Season: Early Autumn

Source: Mt. Phoenix, Guangdong Province, China

Grade: DeRen Reserve

Product #: 11ylx01

Our semi-wild Yulan (Magnolia) Dancong is a high-fragrance well-crafted tea from Mt. Phoenix in Guangdong province, China. The tea farm which produce this tea has dedicate an entire hillside for tea bushes to grow with minimal management. The tea bushes here grow like wild tea bushes. These bushes are much less productive than regular tea bushes. However, the quality of the tea made from these bushes are exceptional.

The liquor of this tea is very aromatic and fragrantful. You can easily smell the fresh floral note from this tea. In addition, the liquor is also smooth and leaves a pleasant feeling in the mouth. Like other high quality dancongs, this tea can be steeped many times.

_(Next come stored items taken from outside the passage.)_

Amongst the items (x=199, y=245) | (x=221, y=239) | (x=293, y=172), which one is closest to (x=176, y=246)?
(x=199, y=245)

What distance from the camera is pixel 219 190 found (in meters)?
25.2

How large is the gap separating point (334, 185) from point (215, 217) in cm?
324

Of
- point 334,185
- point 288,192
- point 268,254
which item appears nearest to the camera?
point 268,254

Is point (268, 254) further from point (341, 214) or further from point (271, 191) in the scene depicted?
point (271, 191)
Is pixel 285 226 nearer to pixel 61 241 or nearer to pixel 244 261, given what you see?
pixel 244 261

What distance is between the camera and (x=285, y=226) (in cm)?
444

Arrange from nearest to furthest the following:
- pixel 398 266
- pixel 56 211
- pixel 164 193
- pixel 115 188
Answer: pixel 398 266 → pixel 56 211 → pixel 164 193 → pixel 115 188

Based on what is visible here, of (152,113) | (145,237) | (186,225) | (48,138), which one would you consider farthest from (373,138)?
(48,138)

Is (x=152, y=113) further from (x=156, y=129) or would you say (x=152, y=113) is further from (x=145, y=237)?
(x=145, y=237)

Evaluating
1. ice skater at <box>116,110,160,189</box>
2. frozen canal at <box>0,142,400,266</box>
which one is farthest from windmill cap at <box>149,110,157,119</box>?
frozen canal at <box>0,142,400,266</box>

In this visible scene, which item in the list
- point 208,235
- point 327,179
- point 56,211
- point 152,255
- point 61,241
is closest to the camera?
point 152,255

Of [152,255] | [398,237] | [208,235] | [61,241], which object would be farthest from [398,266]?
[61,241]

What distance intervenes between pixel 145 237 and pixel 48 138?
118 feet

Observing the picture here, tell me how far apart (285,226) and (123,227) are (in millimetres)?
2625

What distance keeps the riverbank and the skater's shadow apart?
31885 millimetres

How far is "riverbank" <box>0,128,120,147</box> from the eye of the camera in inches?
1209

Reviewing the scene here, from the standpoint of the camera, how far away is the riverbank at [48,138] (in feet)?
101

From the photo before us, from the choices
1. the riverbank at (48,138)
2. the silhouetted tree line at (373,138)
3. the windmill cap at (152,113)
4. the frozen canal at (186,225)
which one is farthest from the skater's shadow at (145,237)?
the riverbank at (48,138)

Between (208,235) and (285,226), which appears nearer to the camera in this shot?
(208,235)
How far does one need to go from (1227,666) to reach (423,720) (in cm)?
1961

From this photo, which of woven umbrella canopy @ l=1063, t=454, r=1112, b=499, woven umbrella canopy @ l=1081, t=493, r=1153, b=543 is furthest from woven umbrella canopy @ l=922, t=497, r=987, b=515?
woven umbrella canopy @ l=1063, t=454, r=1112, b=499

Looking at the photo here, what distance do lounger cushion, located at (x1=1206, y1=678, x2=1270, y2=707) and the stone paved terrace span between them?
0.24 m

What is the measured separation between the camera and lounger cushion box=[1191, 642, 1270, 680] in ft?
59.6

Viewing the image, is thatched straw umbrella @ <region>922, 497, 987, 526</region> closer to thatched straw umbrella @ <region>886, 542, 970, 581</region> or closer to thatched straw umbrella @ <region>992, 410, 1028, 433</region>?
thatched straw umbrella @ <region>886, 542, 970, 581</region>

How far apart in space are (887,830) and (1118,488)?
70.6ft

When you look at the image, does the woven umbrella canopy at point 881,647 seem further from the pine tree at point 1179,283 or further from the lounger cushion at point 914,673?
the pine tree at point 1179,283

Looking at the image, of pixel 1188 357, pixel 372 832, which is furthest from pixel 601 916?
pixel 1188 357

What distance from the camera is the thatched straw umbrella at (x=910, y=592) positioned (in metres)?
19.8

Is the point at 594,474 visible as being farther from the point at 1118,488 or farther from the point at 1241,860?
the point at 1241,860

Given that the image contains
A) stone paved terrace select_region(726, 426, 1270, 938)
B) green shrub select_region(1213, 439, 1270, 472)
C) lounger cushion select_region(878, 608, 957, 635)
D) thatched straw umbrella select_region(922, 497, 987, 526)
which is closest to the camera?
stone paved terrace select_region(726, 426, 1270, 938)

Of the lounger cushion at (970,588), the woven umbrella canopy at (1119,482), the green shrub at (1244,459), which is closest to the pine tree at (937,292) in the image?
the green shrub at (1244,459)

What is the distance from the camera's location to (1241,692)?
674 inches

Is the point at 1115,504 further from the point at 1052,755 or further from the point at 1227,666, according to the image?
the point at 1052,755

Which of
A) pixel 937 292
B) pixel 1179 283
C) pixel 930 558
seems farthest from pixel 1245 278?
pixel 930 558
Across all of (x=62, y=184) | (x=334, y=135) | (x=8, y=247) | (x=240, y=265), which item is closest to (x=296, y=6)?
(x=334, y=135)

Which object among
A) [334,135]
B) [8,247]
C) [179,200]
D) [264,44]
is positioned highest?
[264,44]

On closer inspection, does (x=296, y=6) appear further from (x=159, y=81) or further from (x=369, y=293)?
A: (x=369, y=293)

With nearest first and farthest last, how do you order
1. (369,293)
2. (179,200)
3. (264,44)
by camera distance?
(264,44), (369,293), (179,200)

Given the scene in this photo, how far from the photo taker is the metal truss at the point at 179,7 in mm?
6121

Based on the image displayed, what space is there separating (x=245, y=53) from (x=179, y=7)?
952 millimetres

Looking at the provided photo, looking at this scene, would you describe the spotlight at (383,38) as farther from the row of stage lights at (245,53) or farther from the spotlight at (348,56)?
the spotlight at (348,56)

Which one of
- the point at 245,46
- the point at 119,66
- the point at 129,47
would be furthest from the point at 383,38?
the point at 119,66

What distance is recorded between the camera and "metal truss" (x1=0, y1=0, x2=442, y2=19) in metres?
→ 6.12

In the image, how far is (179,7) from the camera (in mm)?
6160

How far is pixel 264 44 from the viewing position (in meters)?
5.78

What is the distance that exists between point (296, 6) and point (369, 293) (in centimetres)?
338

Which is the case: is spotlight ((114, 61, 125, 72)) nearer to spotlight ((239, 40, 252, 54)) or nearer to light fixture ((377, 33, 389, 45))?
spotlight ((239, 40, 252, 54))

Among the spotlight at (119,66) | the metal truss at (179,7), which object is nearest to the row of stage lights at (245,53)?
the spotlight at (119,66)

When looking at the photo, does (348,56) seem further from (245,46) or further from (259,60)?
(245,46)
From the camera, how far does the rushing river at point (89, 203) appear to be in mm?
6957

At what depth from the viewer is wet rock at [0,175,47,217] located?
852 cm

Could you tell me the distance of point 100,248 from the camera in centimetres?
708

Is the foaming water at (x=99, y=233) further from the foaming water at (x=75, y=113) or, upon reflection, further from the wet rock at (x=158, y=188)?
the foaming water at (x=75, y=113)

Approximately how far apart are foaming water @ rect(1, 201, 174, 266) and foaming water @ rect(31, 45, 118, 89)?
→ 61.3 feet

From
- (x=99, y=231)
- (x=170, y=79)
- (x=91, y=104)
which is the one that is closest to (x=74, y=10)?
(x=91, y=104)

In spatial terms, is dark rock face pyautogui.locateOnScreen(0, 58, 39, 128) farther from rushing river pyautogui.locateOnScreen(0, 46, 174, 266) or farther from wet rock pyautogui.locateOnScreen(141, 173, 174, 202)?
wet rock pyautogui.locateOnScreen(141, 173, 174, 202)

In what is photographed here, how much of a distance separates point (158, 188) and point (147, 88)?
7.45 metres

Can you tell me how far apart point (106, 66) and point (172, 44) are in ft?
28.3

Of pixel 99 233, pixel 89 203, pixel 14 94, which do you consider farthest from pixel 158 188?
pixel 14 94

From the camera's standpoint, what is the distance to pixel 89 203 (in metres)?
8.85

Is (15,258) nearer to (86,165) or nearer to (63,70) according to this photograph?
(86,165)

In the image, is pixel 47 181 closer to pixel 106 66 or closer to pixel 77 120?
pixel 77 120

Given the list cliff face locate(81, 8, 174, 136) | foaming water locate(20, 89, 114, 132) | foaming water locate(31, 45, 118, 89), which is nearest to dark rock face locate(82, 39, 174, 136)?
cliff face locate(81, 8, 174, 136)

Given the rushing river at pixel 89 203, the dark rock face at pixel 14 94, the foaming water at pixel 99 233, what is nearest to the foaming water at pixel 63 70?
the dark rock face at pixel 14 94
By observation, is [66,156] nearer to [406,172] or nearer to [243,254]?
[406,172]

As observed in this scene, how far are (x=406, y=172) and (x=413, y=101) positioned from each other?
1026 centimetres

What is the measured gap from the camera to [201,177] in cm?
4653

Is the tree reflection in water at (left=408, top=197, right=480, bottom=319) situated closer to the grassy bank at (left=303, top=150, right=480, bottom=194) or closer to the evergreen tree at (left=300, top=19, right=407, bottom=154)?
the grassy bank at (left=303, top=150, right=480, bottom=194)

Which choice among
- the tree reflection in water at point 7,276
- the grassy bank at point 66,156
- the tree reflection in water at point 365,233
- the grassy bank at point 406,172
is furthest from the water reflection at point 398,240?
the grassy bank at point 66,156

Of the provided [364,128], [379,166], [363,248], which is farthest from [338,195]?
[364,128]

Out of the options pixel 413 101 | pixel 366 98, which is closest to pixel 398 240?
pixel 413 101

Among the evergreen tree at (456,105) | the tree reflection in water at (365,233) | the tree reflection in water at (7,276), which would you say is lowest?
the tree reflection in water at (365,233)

About DeRen Tea View company

Company description not available.

3 Tasting Notes

67
2028 tasting notes

If I thought the dry leaf from the last Dan Cong I had smelled like fresh lilacs, it’s nothing compared to this one. My mom has a lilac bush in the front yard and the smell of them in the spring is intoxicating. I’m not holding my breath that this scent will carry over to the steeped tea, but I do know I would love a tea that did have those notes in it. The dry leaves are incredibly long and spindly on this tea, and definitely more green in color than the other Dan Congs I’ve had. They’re plumping up a lot more as well.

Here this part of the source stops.